The gas and steam turbines are more classic proportional speed governors, but the speed governor is often overridden by other controls, such as temperature control for gas turbines and inlet pressure control for steam turbines. As an aside, We had to modify our load control on many of our gas turbines in order to prevent the power control function from overiding the normal droop response to frequency excursions.
The diesel uses a 2301E governor that’s always in droop, but is sent a bias signal from the Woodward engine controller to implement isochronous or load control - so even in isoc the governor itself was in droop, but the engine control would adjust the bias as needed to maintain frequency.
The battery was either in grid forming or grid following modes - in grid following is would take MW and MVAR commands, where’s in grid forming it acted like a generator and set the frequency and voltage.

My point in all this is to remind everyone that speed/load control on generators is implemented differently on different generating assets in different eras, and it’s not super accurate to generalize exactly how machines respond as their controls are all quite different.

My $0.02.
 
Maybe it is time for a review of the action of a droop governor.
When sets are operated in parallel, the droop is more of a load control than a speed control.
For easier explanation let's consider a hypothetical case where the governor is set to 10% droop.
The frequency is 60 Hz and is set by the grid.
The load is controlled by the speed setting,even though the set is not capable of changing the grid frequency by ore than an insignificant amount.
With the droop governor set to grid frequency, there is no power exported. The set is idling online.
With the 10% droop governor set at 61Hz, the set tries to speed up, but it cannot. Power output is 1/6 of rated capacity.
With the same governor set at 62Hz, the set tries to speed up, but it cannot. Power output is 1/3 of rated capacity.
With the same governor set at 63Hz, the set tries to speed up, but it cannot. Power output is 1/2 of rated capacity.
With the same governor set at 64Hz, the set tries to speed up, but it cannot. Power output is 2/3% of rated capacity.
With the same governor set at 65Hz, the set tries to speed up, but it cannot. Power output is 5/6% of rated capacity.
With the same governor set at 66Hz, the set tries to speed up, but it cannot. Power output is rated capacity.
When a block load is imposed on the grid, the grid frequency drops by an amount determined by the ratio of the load to the total output of the grid.
This is generally a very small amount of frequency drop.
The droop governors work together across the grid to supply the extra load demand.
Once the droop governors have increased the prime mover effort to accommodate this increased load, the drop in frequency is even less, but still slightly below the nominal 60 Hz.
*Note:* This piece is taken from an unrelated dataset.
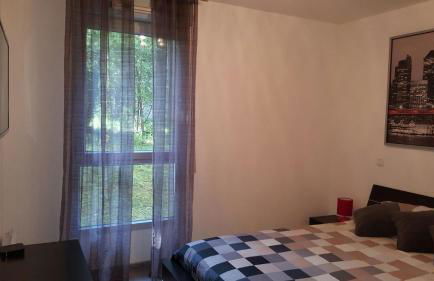 Cite Espace Apartment - Foto 10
Now, the swing set, an isochronous set, a load control panel or other means acts to correct the frequency back to the exact 60 Hz. (Or possibly slightly more in the case of cycle counting control.)
Any one set that is capable of accepting the full block load increase will be capable of correcting the frequency back to 60 Hz.
To pick up load on one set in a parallel group of generators, the governor set point is raised further above the nominal frequency.
 
Thanks for your explanation, CR.

A note on load control panels.
It has been stated by myself and others that isochronous sets do not work well together.
However, An isochronous load control panel will cause one set to act as the swing set by setting the governor setting of the set in question at enough higher than the settings of the droop governors to drive the frequency back to nominal.
That correction signal may be sent to more than one set.
That group of sets together will then act as the swing set.
The general statement;
"There may only be one isochronous set in a system."
Is more accurately stated as;
"There may only be one point of isochronous correction in a system, but that correction may be applied to more than one set."